Opening, Aural Architectures
http://www.alansondheim.org/ns16.jpg
http://www.alansondheim.org/qinrev1.mp3
http://www.alansondheim.org/qinrev2.mp3
http://www.alansondheim.org/curarev.mp3
http://www.alansondheim.org/shakrev.mp3
http://www.alansondheim.org/shakrev2.mp3
Qin and shakuhachi, 2 pieces each w/varied parameters; cura,
1 piece
Playing in these environments (currently limited to 2 channel)
is a completely different experience - not because of delay,
but because of anticipation and spatial perception. For me,
the pieces are unique and calming in the midst of Sturm und
Drang; I hear and play the sirens of France, the guqin by a
mountain stream, shakuhachi of outer Zen outside Zen. Qin and
shakuhachi are difficult, sounding of breath and hands,
strings and bamboo, streets of ice, Special Forces, screams,
and serenity.
Rise up, mourn, meditate, and enjoy.
The Canyon Film Catalog / missing history
http://www.alansondheim.org/canyonfilm7.jpg
http://www.alansondheim.org/canyonfilm1.jpg
http://www.alansondheim.org/canyonfilm2.jpg
http://www.alansondheim.org/canyonfilm3.jpg
http://www.alansondheim.org/canyonfilm4.jpg
http://www.alansondheim.org/canyonfilm5.jpg
http://www.alansondheim.org/canyonfilm6.jpg
These films are probably still in the Filmmakers Coop; I haven't
heard from them, so I have no idea if they've been shown. I
think not, but at least one was shown (I received a catalog from
another organization), and I wasn't informed. For those who
might be interested, these are master prints - I showed masters
only, I didn't have money for duplication - which Canyon in S.F.
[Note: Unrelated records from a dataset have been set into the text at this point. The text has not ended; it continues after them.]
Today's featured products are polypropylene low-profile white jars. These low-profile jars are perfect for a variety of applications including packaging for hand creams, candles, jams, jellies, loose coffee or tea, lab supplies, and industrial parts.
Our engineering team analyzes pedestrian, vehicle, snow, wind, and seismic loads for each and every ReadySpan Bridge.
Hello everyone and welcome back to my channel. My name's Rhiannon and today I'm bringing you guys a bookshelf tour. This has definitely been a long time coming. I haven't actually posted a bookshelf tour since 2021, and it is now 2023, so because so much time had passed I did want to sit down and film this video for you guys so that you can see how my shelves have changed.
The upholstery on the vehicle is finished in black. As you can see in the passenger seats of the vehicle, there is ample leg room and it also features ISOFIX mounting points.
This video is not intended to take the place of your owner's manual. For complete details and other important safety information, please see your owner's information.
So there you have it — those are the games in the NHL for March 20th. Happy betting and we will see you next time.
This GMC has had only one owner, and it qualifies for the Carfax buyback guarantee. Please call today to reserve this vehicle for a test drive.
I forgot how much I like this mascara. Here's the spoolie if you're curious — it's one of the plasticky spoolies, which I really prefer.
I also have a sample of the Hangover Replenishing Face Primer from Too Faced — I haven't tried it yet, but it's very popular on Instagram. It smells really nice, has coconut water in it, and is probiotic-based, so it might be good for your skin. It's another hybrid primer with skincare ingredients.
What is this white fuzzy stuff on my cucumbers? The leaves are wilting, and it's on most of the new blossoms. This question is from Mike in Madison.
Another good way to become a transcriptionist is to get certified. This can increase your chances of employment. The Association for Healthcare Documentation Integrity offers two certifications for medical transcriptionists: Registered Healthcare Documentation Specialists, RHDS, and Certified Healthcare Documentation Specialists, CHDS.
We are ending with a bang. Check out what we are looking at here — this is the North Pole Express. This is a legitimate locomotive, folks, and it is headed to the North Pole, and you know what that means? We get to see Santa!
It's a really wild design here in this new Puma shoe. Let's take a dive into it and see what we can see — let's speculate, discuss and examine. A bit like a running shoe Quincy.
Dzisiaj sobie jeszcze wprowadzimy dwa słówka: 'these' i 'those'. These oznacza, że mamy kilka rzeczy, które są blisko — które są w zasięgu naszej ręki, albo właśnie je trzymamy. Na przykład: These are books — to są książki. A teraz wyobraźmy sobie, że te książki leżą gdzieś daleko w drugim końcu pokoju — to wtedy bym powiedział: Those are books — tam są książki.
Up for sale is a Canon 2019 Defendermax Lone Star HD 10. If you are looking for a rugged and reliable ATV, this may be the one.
took on. They then changed their policy (for legal reasons I
gathered) and the films were returned. Now they decay at the
Coop, nothing is done with them - but if you want an idea of
their contents, read away on the seven sad jpgs. Most of these
are 16mm sound films, but there are 8mm and super8mm as well.
Why put these jpgs up? So that this minor history isn't totally
lost, so that someone might find value in the films, so that
they might even be restored or archived (hopefully they're still
there) - and because I just found the catalog shots, going
through other archives of my own.
Years ago, Kathy Acker and I made the Blue Tape and a parody of
the Blue Tape. The parody has disappeared; I imagine it's
somewhere in my archives at NYU Fales, or University of Ohio in
Columbus. It sits and decays. The current Acker revival places
the Blue Tape at a center; it's been the subject of PhD theses
and random shows. No one wants to see my other video or film
from that period; I exist as her appendage, as a diacritical
mark of no consequence. The last show of the Blue Tape was in
Brooklyn; I asked the curator if he would be interested in
seeing my other work, and there was no reply.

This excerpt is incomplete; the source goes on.